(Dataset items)
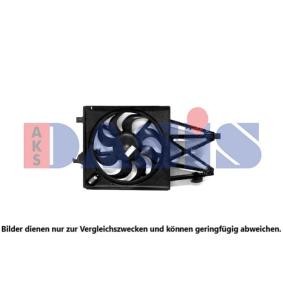 Kühlerlüfter 018021N für ALFA ROMEO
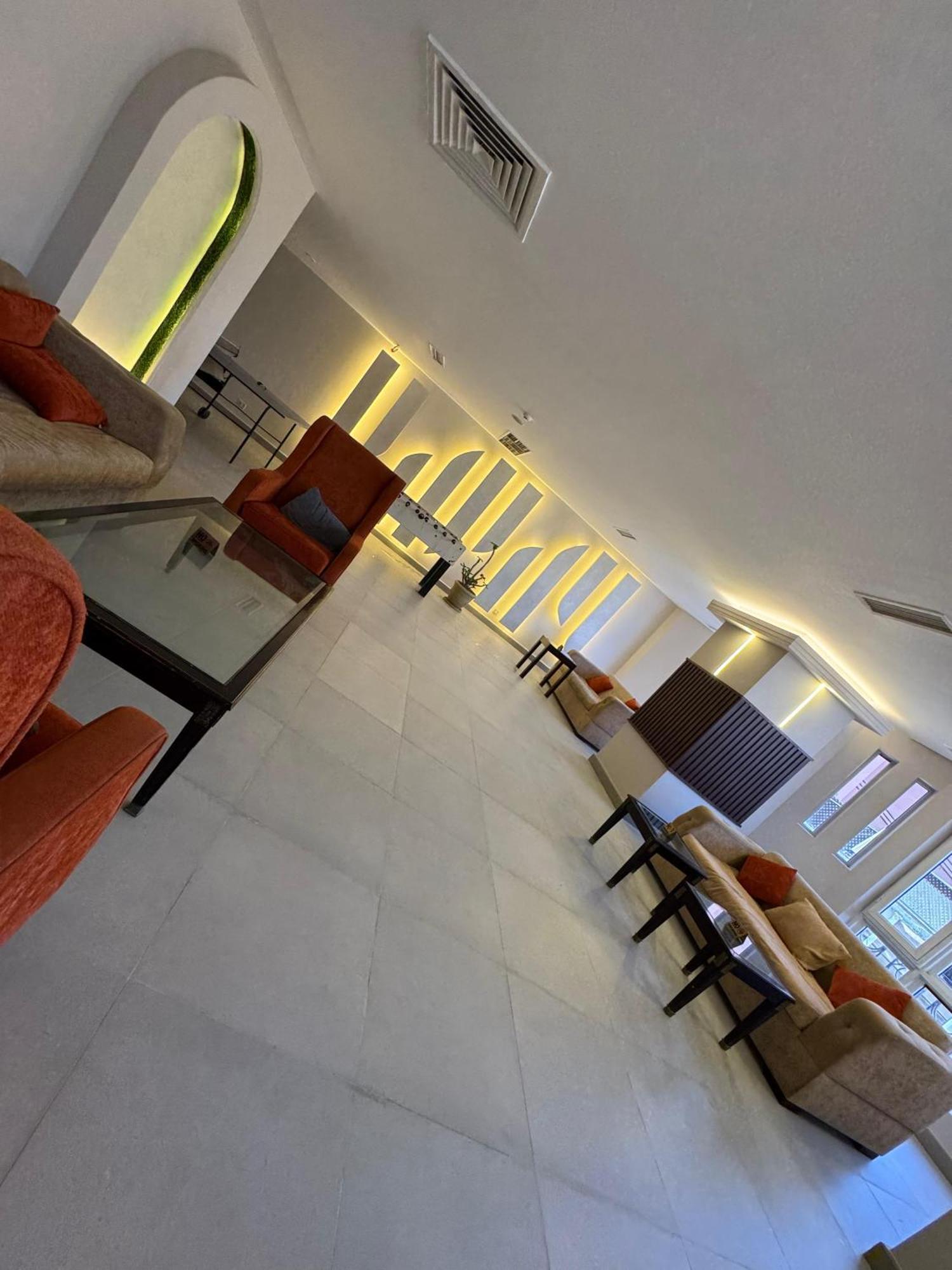 Dome Marina Hotel & Resort Ain Sokhna Ain Suchna Exterior foto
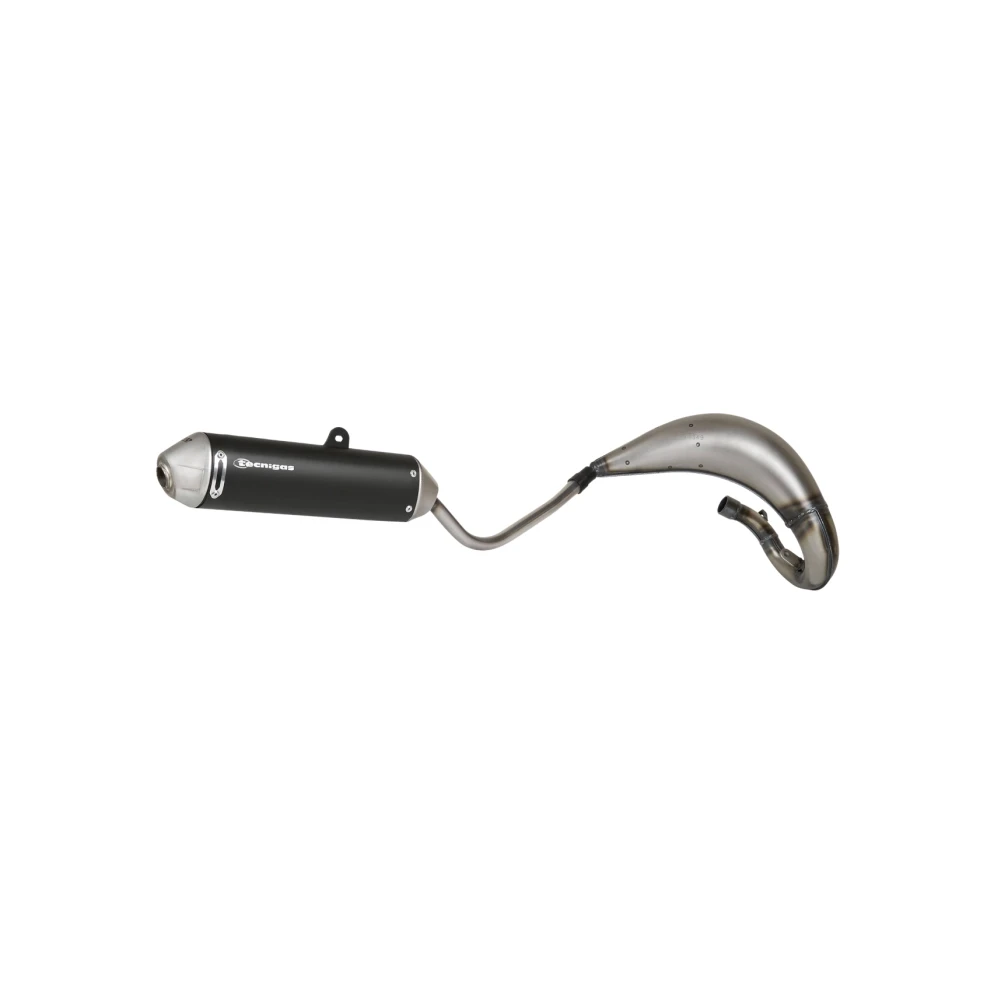 Auspuff E-NOX EVO Rieju MRT 50/Pro, SM 50/Pro/Trophy (Stahl)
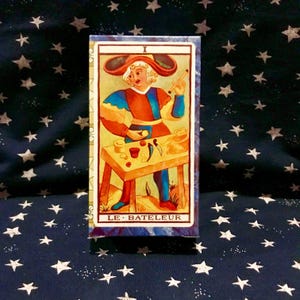 Tarot  de Marsella  FOURNIER 78 Cartas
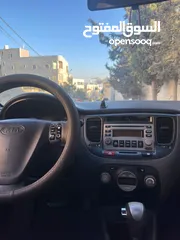  4 كيا برايد اتومات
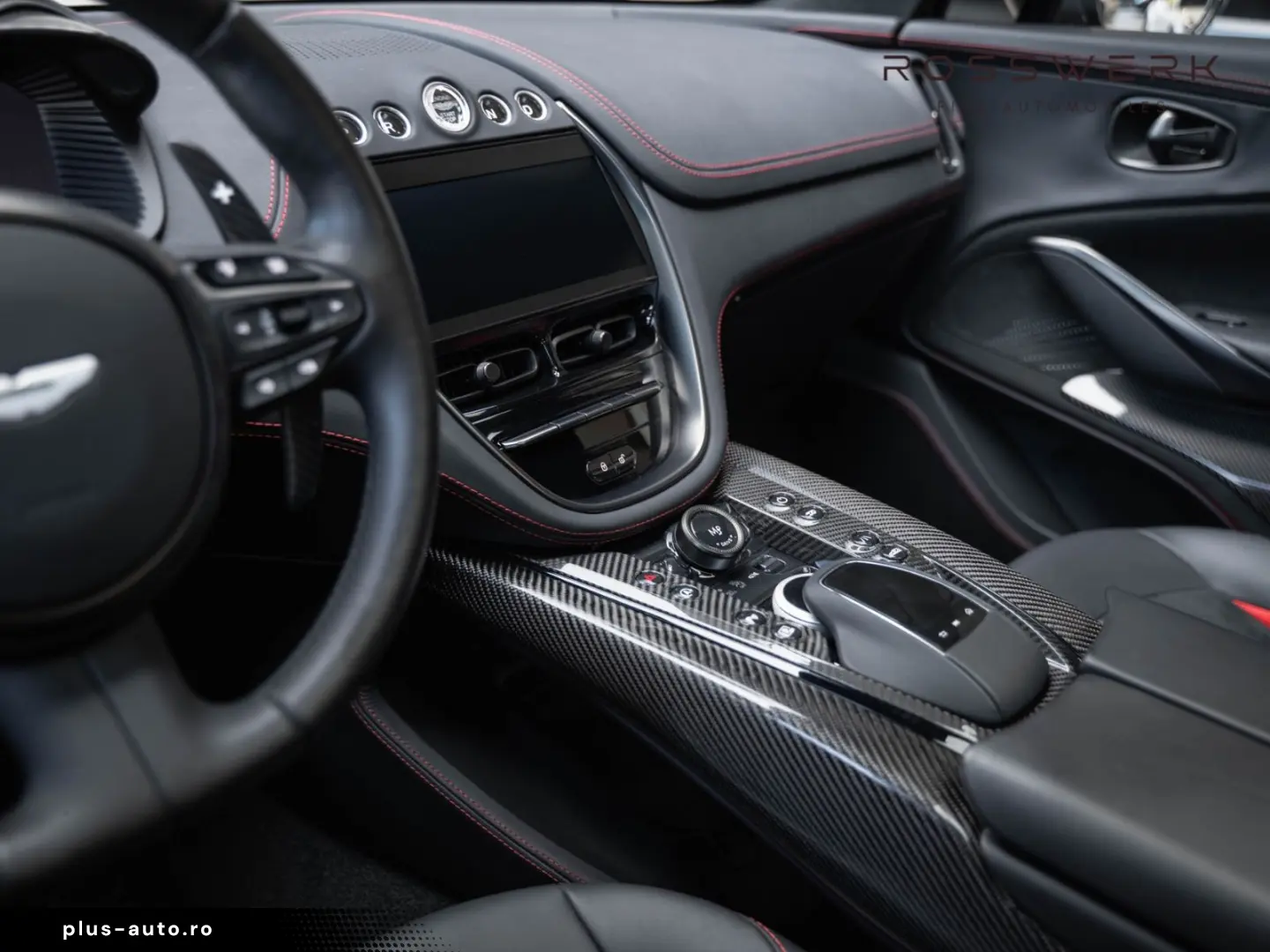 ASTON MARTIN DBX 707   Full Carbon   Sports Plus Seats   PPF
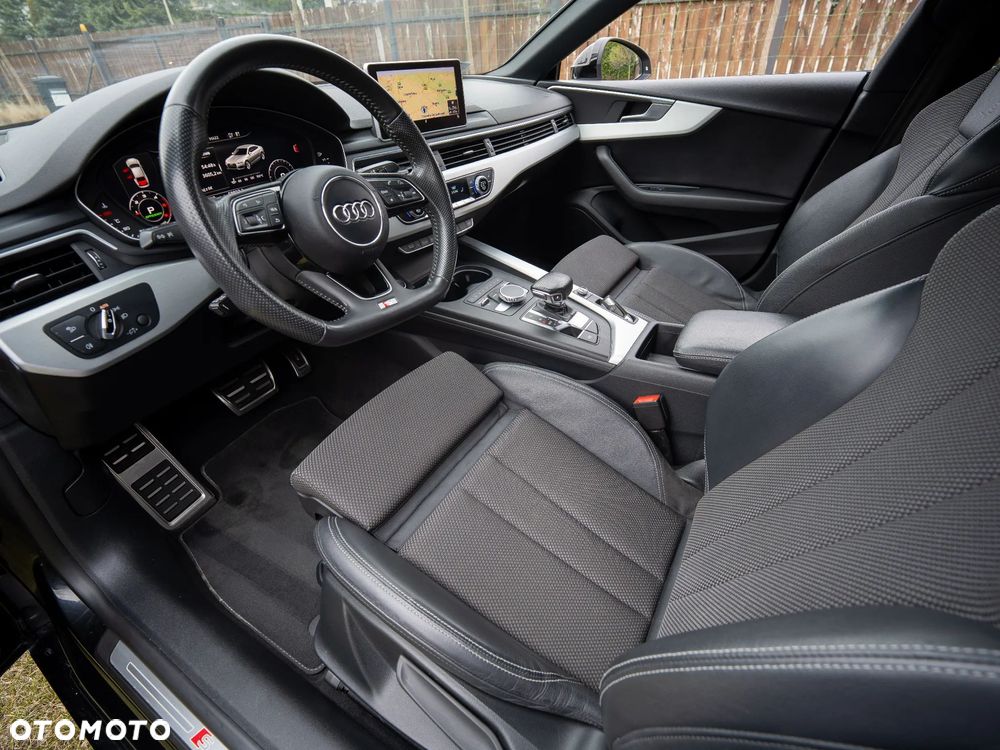 Audi A5 Sportback 2.0 TDI S tronic - 16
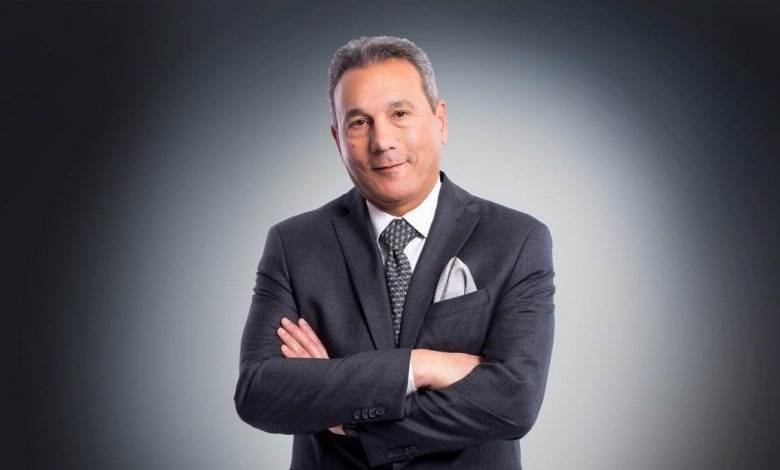 محمد الإتربي رئيس بنك مصر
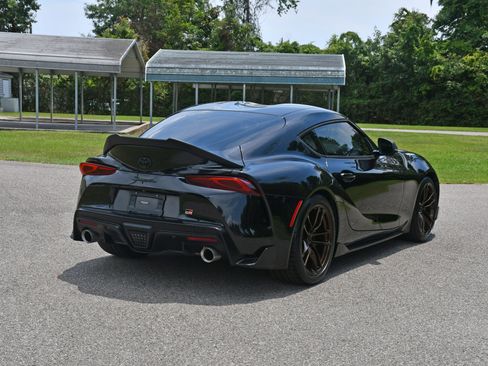 Used 2020 Toyota Supra w/ Driver Assist Package RWD image 4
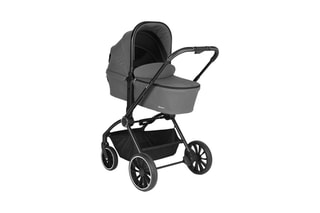 Silla de paseo 3 en 1 Harmony - Gris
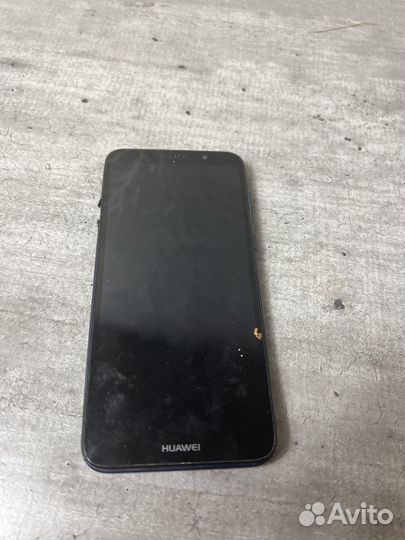 HUAWEI Y5 II LTE, 8 ГБ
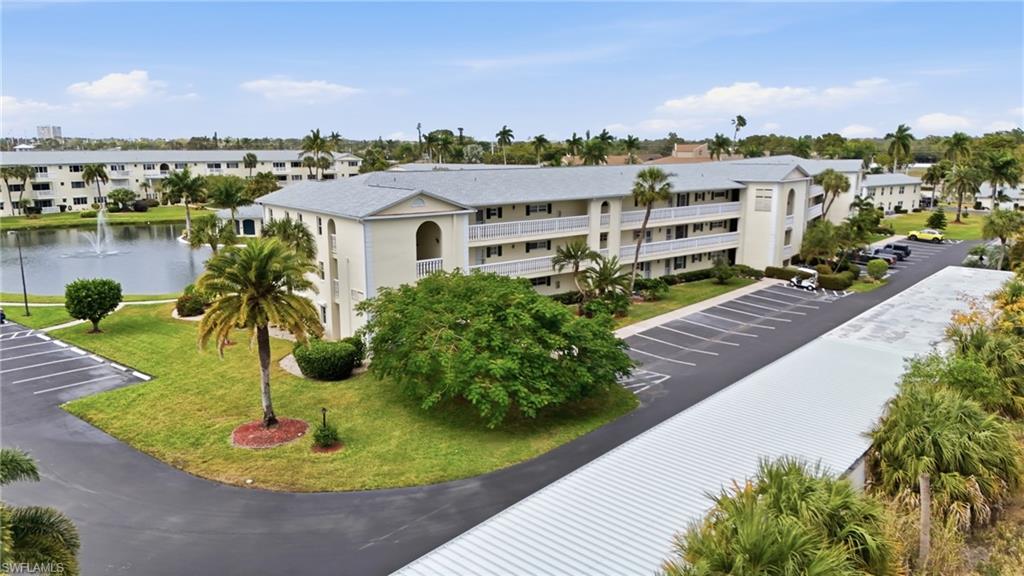 STRATFORD PLACE CONDO - Residential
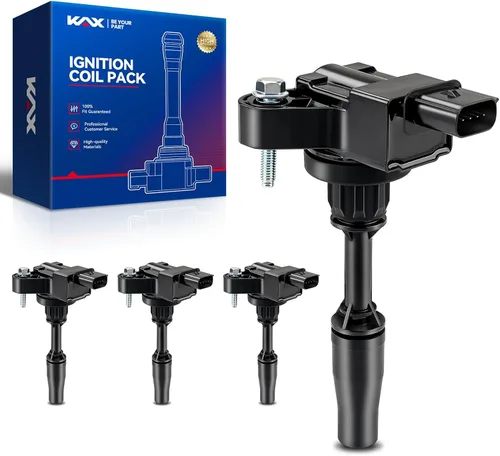 Vista 27 de KAX Bobina de encendido UF156 apta para Tacoma 1995 1996 1997 1998 1999 2000 2001 2002 2003 2004, 4Runner 1996-2002, Tundra 2000-2004, 1995-2004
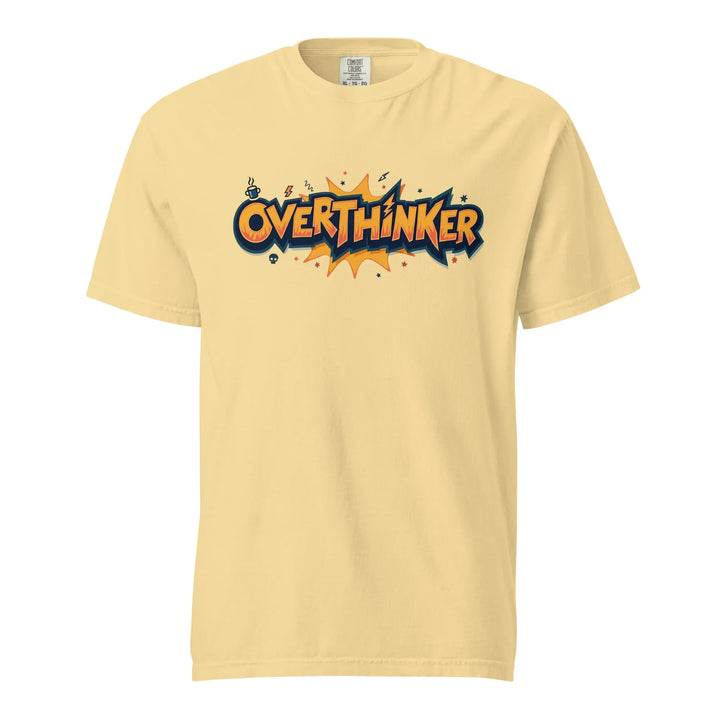 Stylish Overthinker T-Shirt - Briadanna
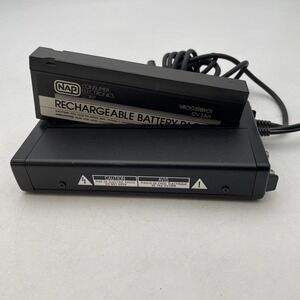 Nap Consumer Electronics Crop. Battery Pack+ 10V 1100mAh V80085BKO1 Plus Charger
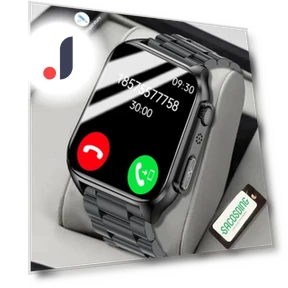 ECG+PPG Smart Watch — Smartwatches, SACOSDING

**Work instruction**
Return the entries verbatim without images.

**Exercise answer**
 Kühlerlüfter 018021N für ALFA ROMEO
 Dome Marina Hotel & Resort Ain Sokhna Ain Suchna Exterior foto
 Auspuff E-NOX EVO Rieju MRT 50/Pro, SM 50/Pro/Trophy (Stahl)
 Tarot  de Marsella  FOURNIER 78 Cartas
  4 كيا برايد اتومات
 ASTON MARTIN DBX 707   Full Carbon   Sports Plus Seats   PPF
 Audi A5 Sportback 2.0 TDI S tronic - 16
 محمد الإتربي رئيس بنك مصر
 Used 2020 Toyota Supra w/ Driver Assist Package RWD image 4
 Silla de paseo 3 en 1 Harmony - Gris
 HUAWEI Y5 II LTE, 8 ГБ
 STRATFORD PLACE CONDO - Residential
 Vista 27 de KAX Bobina de encendido UF156 apta para Tacoma 1995 1996 1997 1998 1999 2000 2001 2002 2003 2004, 4Runner 1996-2002, Tundra 2000-2004, 1995-2004
 Stylish Overthinker T-Shirt - Briadanna
 Nap Consumer Electronics Crop. Battery Pack+ 10V 1100mAh V80085BKO1 Plus Charger
 ECG+PPG Smart Watch — Smartwatches, SACOSDING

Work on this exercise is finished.